The third (and longest) step is program delivery and organization enablement. In this step, productivity is fostered in the selected lighthouse areas. The organization adopts the new systems and processes using a suitable operating model, capability development, and mindset change. A program management office steers the undertaking by supporting the organization and tracking well-defined KPIs.
SUCCESSFULLY IMPLEMENTING THE PRODUCTIVITY RACE
Shareholders of a European telco were pressuring management to achieve strong profitability growth in order to sustain the dividend policy. Multiple factors had created high complexity in the telco’s internal operations. Its offer structure included more than 1,000 legacy products in operations support systems and business support systems. The IT landscape was also complex due to the existence of legacy systems and the rise of new systems from acquisitions and post-merger integrations. Challenging regulations and intense competition from over-the-top players, alt-nets, and mobile virtual network operators created simultaneous external complexities for the telco.
The telco adopted “radical simplification” as the approach toward improving its productivity. Radical simplification required the understanding of key interdependencies and addressing all domains within the company. This included product, channel, process, technological, and corporate complexity. Several levers were identified with specific targets on each (see Figure 6).

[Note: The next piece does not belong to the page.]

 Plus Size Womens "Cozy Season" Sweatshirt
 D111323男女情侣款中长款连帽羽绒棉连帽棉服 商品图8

A complexity reduction blueprint estimated the need for a reduction in headcount of 50%, with an EBITDA impact of around 40%. The strategy of setting and scoping was followed by several sprints per simplification theme, followed by consolidation and rescoping as required. The telco’s overall operating model was adapted to support the simplification in a sustainable manner.
Key success factors included:
Aligning telco executives with objectives and the need to change, which was driven by board-level requirements.

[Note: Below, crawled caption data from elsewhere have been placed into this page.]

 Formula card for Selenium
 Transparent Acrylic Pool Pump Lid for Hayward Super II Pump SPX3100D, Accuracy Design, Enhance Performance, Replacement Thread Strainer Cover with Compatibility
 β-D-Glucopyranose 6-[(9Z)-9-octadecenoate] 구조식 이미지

Addressing all domains of the company.
Following an agile approach for implementation.
Another telco in a Middle Eastern market had already run multiple cycles of productivity programs positioned as business/cost-efficiency initiatives, but was unsuccessful in achieving substantial results. The primary reason for failure was the decision against adopting a company-wide transformation. Such initiatives, typically driven by an organization’s finance unit, focused on benchmarking the company performance against its peers and lowering costs in specific areas. This approach was not underpinned by a business-driven view of the company’s operations and fixing the root causes of lower efficiency levels. Initiatives based on top-down push to remedy benchmarking gaps do not muster wide-scale acceptance from the people, which is essential for concrete and radical changes to both operations and ways of working. In most cases, this approach is bound to fail as it is unsustainable and cannot be adopted at scale.

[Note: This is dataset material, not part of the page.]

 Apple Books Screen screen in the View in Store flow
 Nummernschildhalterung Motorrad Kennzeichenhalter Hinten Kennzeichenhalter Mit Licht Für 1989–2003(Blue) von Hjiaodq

IT’S TIME FOR THE BRUTAL TRUTH
The current market environment and competitive situations make the Productivity RACE an important program for operators to consider now. While traditional cost-efficiency programs get results in the short term, the Productivity RACE aims for a holistic, sustainable transformation for telcos. The Productivity RACE offers a comprehensive set of strategic, financial, technological, and operational levers, including infrastructure carve-outs, digital channel adoption, customer lifecycle management, and network function virtualization. Telcos, under pressure from various fronts, must act consistently to turn around their core businesses. Therefore, telco executives should table the productivity ambition on the executive management agenda and push for a brutal-truth assessment to initiate the Productivity RACE program.